Captioned web image data:
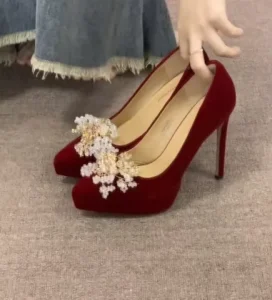 Women’s Bridal Wedding Shoes Thick Bottom Stiletto Engagement High Heels 7cm Red Velvet Spring Summer Autumn New
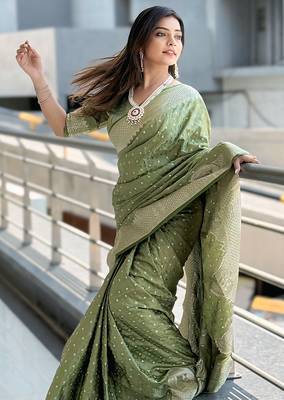 Pista green woven self design antique silk blend banarasi saree with blouse 3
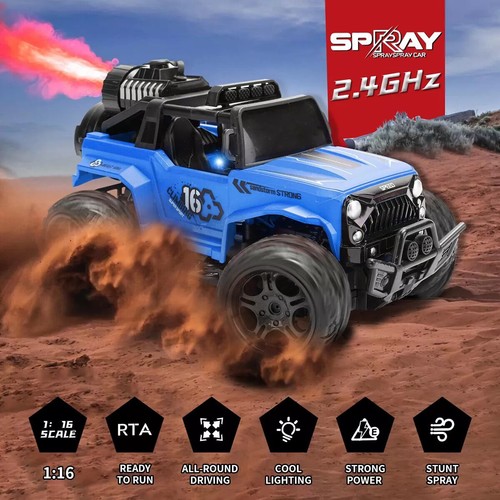 Large Car Monster Truck Remote Control RC Cars Big Wheel 2WD Kid Toy Electric - Picture 4 of 9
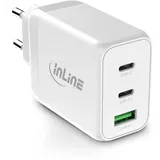InLine USB PD Netzteil, GaN Ladegerät 3-Port, Dual USB-C+USB-A, 65W, weiß,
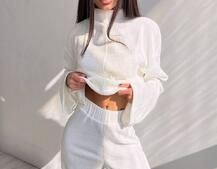 Повсякденний костюм із теплого трикотажу-рубчика Повсякденний костюм із теплого трикотажу-рубчика | PUSHKA SHOP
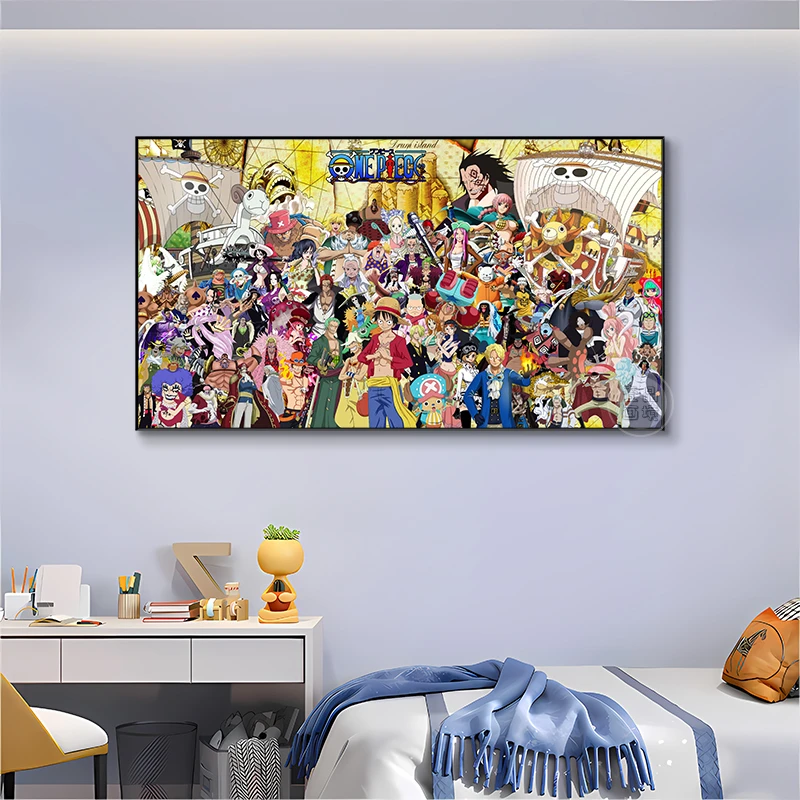 海贼王横版挂画路飞女帝索隆艾斯动漫网咖电竞房间卧室客厅装饰画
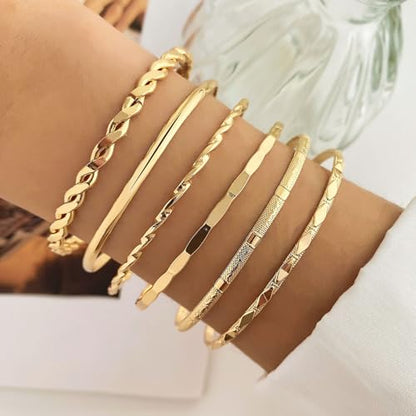 6 Pcs Gold Plated Bracelet Set for Women: Bangles, Cuffs & Dainty Chains | 14K Mixed Stackable Bracelets for Layered Look, Complete Jewelry Collection Gift - color: Color1
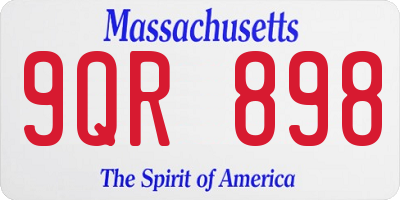MA license plate 9QR898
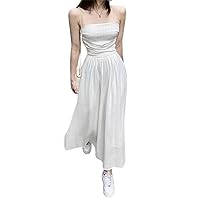 Women's Dresses Solid Shirred Backless Tube Dress Dress for Women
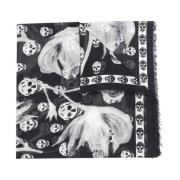 Zwarte Sjaal met Skull Print Alexander McQueen , Black , Dames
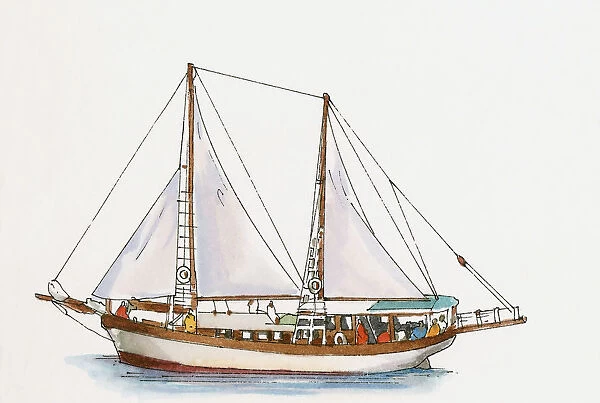 Illustration of sailing boat on sea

TASK BRIEF:
Any picture in the data is to be skipped, while each line is returned exactly as written.

PROBLEM SOLUTION:
 Women’s Bridal Wedding Shoes Thick Bottom Stiletto Engagement High Heels 7cm Red Velvet Spring Summer Autumn New
 Pista green woven self design antique silk blend banarasi saree with blouse 3
 Large Car Monster Truck Remote Control RC Cars Big Wheel 2WD Kid Toy Electric - Picture 4 of 9
InLine USB PD Netzteil, GaN Ladegerät 3-Port, Dual USB-C+USB-A, 65W, weiß,
 Повсякденний костюм із теплого трикотажу-рубчика Повсякденний костюм із теплого трикотажу-рубчика | PUSHKA SHOP
 海贼王横版挂画路飞女帝索隆艾斯动漫网咖电竞房间卧室客厅装饰画
 6 Pcs Gold Plated Bracelet Set for Women: Bangles, Cuffs & Dainty Chains | 14K Mixed Stackable Bracelets for Layered Look, Complete Jewelry Collection Gift - color: Color1
MA license plate 9QR898
 Women's Dresses Solid Shirred Backless Tube Dress Dress for Women
 Zwarte Sjaal met Skull Print Alexander McQueen , Black , Dames
 Illustration of sailing boat on sea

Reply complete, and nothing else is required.